Precari e scomunicati

Il presidente Napolitano «ha sferzato» il Parlamento – così recitano le agenzie di stampa – invitando la rappresentanza politica a occuparsi dei giovani precari: «E’ un problema serio e va affrontato», ha dichiarato il capo dello stato. Si era appena imbattuto in un gruppo di studenti che protestava contro i tagli alla scuola e la dichiarazione antiprecaria deve essergli sembrata alquanto opportuna. Magari sarebbe stato meglio pensarci prima, visto che la precarietà del lavoro – e mica solo quella dei giovani – non è opera dello spirito santo ma, da almeno dieci anni, il risultato di leggi e accordi sociali a ispirazione bipartisan che hanno appoggiato e istituzionalizzato le richieste delle imprese, in sintonia con le vibranti teorie che affermano essere il libero mercato autentico stato di natura.
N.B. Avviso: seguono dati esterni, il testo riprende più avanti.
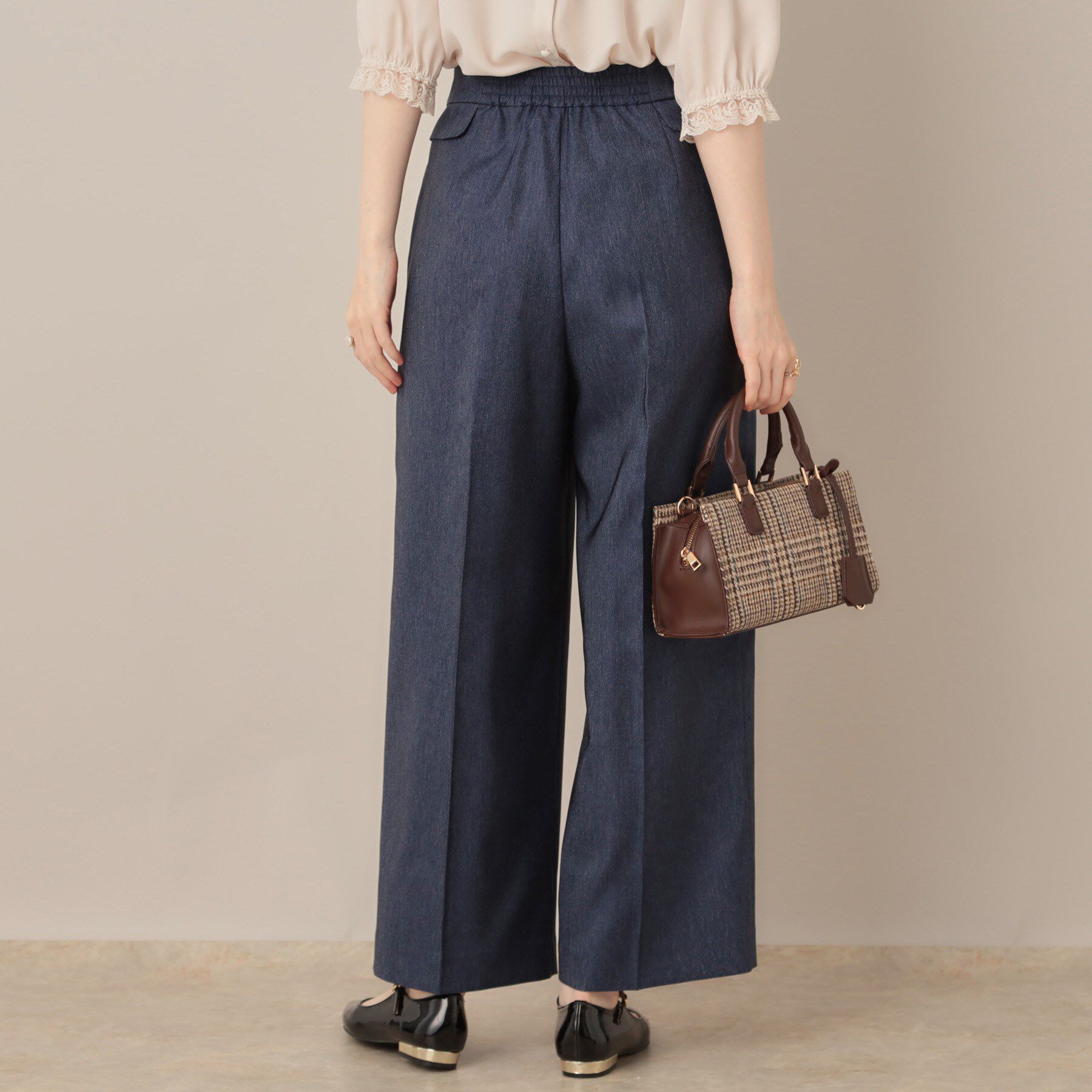 Couture broach「【マシンウォッシャブル・スッキリ見え】デニムライク釦デザインパンツ」|その他|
Però meglio tardi che mai e allora diamo il benvenuto all’esternazione dell’alto Colle che, con educazione presidenziale, denuncia la sordità della classe politica tutta ai cahiers de doléance che non da ieri denunciano la devastante portata della precarietà. Bene.
Succede poi che, per una singolare coincidenza temporale, le dichiarazioni di Napolitano siano state fatte proprio nel giorno in cui la Cgil ha intimato alle proprie strutture di non partecipare alla manifestazione contro la precarietà indetta per il prossimo 4 novembre: una giornata per dare voce alle tante e tanti soggetti del lavoro frantumato e chiedere al mondo politico un’inversione di rotta. Che la Cgil si pronunci contro una simile manifestazione (preparata anche da importanti strutture sindacali come la Fiom e la Funzione pubblica o da associazioni come l’Arci) risulta inspiegabile a qualunque persona dotata di buon senso. Senonché a far da pretesto per la «scomunica» è intervenuto un episodio secondario che dovrebbe meritare l’onore delle cronache solo per la sua stupidità: una pubblicità dei Cobas – tra gli organizzatori del 4 novembre – che mette all’indice il ministro Damiano, indicandolo come «amico dei padroni».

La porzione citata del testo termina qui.